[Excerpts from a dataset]
========================
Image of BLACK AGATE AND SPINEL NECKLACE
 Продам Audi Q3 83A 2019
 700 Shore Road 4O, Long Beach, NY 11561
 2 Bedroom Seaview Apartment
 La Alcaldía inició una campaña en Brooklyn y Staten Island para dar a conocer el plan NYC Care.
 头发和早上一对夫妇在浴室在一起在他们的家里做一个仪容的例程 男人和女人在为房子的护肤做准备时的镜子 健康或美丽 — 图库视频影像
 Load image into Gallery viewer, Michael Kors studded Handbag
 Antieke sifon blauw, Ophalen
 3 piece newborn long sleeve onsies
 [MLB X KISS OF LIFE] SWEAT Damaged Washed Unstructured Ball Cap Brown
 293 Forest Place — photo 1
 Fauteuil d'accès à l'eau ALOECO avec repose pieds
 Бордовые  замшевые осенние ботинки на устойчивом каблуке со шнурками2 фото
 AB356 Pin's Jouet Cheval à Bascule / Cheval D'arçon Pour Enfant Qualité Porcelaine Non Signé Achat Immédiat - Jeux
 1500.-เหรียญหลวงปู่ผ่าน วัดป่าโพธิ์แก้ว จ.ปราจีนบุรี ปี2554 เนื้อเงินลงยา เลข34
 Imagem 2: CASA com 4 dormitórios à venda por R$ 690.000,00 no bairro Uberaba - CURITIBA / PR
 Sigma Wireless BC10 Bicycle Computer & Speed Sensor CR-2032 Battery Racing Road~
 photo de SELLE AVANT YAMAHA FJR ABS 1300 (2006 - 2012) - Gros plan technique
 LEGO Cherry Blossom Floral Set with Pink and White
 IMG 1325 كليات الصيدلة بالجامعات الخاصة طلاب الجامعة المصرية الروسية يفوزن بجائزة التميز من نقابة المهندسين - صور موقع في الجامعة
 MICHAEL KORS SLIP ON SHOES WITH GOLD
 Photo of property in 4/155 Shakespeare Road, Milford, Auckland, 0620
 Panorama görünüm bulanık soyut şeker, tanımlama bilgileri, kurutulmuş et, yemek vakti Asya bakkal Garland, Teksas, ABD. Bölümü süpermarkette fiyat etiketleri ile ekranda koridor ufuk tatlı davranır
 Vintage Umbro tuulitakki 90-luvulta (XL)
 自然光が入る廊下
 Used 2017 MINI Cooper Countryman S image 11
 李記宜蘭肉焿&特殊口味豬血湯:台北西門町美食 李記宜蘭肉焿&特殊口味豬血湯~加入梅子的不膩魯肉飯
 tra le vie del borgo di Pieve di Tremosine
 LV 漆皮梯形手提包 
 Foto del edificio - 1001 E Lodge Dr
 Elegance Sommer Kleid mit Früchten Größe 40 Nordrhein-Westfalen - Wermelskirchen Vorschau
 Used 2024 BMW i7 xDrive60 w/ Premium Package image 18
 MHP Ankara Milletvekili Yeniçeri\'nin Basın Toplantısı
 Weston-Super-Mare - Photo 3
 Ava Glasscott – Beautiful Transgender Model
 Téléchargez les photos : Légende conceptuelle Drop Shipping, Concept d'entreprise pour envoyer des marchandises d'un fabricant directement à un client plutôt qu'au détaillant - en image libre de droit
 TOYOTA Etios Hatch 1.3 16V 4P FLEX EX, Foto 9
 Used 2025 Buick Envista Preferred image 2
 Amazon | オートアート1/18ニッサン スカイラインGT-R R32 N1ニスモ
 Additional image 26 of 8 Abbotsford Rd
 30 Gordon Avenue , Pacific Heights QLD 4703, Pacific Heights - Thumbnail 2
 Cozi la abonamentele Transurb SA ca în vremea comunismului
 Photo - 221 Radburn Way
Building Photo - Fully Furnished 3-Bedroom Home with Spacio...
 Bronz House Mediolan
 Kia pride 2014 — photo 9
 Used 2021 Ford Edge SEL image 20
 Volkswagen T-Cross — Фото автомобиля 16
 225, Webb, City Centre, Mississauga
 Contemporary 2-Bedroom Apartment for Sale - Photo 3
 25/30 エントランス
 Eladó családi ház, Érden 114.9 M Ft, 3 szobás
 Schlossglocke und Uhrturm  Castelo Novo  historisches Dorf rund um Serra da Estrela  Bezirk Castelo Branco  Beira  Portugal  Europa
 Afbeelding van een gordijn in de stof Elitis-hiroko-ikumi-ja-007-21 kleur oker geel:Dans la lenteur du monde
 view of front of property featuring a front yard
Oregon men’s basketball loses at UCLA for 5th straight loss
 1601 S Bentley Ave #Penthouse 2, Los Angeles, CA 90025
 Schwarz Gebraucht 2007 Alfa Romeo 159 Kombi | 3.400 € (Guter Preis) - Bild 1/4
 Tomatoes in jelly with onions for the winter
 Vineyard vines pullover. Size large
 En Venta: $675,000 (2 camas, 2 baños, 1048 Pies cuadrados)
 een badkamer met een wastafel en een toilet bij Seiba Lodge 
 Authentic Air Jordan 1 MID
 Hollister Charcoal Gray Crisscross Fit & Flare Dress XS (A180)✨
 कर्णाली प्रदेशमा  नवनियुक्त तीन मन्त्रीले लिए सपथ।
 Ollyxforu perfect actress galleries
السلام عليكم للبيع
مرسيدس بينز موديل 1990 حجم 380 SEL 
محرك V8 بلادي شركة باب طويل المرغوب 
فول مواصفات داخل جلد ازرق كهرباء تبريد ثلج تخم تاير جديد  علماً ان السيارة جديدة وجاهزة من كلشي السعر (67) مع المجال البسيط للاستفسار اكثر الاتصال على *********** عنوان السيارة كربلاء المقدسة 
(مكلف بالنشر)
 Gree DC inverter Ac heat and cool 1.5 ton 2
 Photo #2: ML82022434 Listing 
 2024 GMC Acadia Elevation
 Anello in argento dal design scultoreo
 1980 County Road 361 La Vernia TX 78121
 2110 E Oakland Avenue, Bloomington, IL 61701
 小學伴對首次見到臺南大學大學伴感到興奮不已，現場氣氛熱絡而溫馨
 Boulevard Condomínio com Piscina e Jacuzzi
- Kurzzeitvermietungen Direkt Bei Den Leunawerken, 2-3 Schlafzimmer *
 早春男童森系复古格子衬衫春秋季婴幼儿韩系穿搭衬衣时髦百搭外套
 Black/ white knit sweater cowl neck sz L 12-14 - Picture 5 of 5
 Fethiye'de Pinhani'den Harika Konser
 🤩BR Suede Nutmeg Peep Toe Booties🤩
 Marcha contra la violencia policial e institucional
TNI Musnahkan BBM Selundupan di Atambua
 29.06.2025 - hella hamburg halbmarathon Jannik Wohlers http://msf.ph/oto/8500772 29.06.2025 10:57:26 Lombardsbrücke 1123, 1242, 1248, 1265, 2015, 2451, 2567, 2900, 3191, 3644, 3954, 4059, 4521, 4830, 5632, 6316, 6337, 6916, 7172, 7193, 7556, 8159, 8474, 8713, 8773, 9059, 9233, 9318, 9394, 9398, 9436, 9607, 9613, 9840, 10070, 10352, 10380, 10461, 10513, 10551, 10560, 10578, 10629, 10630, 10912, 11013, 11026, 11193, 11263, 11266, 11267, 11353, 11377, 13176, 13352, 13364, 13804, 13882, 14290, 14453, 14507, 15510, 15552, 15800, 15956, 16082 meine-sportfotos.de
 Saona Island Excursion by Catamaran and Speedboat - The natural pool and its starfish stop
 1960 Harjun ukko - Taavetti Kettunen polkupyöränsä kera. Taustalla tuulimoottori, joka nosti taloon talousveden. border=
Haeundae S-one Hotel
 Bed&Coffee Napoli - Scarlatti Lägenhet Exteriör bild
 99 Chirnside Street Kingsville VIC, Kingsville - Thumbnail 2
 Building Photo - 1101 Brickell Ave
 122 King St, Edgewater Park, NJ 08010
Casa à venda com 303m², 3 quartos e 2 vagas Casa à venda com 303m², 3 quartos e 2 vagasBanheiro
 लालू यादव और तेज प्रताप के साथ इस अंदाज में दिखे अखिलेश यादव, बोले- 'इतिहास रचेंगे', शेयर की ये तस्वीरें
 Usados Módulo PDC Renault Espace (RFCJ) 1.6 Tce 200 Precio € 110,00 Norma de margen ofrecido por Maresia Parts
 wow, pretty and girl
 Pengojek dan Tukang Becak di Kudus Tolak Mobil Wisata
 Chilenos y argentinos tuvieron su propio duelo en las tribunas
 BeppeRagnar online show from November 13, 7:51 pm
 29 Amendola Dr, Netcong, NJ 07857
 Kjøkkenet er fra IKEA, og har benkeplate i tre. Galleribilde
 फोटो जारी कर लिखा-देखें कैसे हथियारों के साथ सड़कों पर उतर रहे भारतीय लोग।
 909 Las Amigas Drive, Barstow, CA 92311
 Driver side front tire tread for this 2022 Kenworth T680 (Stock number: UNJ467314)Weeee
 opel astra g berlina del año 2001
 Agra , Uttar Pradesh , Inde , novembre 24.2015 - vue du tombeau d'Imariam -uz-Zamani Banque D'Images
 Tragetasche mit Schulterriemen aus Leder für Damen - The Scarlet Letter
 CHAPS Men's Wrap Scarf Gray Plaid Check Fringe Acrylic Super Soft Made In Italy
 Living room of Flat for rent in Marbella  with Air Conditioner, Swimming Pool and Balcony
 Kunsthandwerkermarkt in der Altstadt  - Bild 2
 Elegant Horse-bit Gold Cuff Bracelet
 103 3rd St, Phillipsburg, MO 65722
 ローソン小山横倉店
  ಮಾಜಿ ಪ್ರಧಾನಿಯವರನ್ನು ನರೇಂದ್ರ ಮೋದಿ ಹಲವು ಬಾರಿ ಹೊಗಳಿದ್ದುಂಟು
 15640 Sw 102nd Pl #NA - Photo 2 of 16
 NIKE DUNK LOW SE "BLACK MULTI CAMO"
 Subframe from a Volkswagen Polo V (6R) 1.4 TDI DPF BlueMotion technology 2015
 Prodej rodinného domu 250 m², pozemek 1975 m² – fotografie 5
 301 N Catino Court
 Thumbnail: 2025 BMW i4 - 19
========================
→ What is needed: All lines above from the one holding "مرسيدس بينز موديل 1990 حجم 380 SEL" to the one holding "Boulevard Condomínio com Piscina e Jacuzzi", inclusive, are to be copied exactly; no other line is wanted.

→ Answer space:
مرسيدس بينز موديل 1990 حجم 380 SEL 
محرك V8 بلادي شركة باب طويل المرغوب 
فول مواصفات داخل جلد ازرق كهرباء تبريد ثلج تخم تاير جديد  علماً ان السيارة جديدة وجاهزة من كلشي السعر (67) مع المجال البسيط للاستفسار اكثر الاتصال على *********** عنوان السيارة كربلاء المقدسة 
(مكلف بالنشر)
 Gree DC inverter Ac heat and cool 1.5 ton 2
 Photo #2: ML82022434 Listing 
 2024 GMC Acadia Elevation
 Anello in argento dal design scultoreo
 1980 County Road 361 La Vernia TX 78121
 2110 E Oakland Avenue, Bloomington, IL 61701
 小學伴對首次見到臺南大學大學伴感到興奮不已，現場氣氛熱絡而溫馨
 Boulevard Condomínio com Piscina e Jacuzzi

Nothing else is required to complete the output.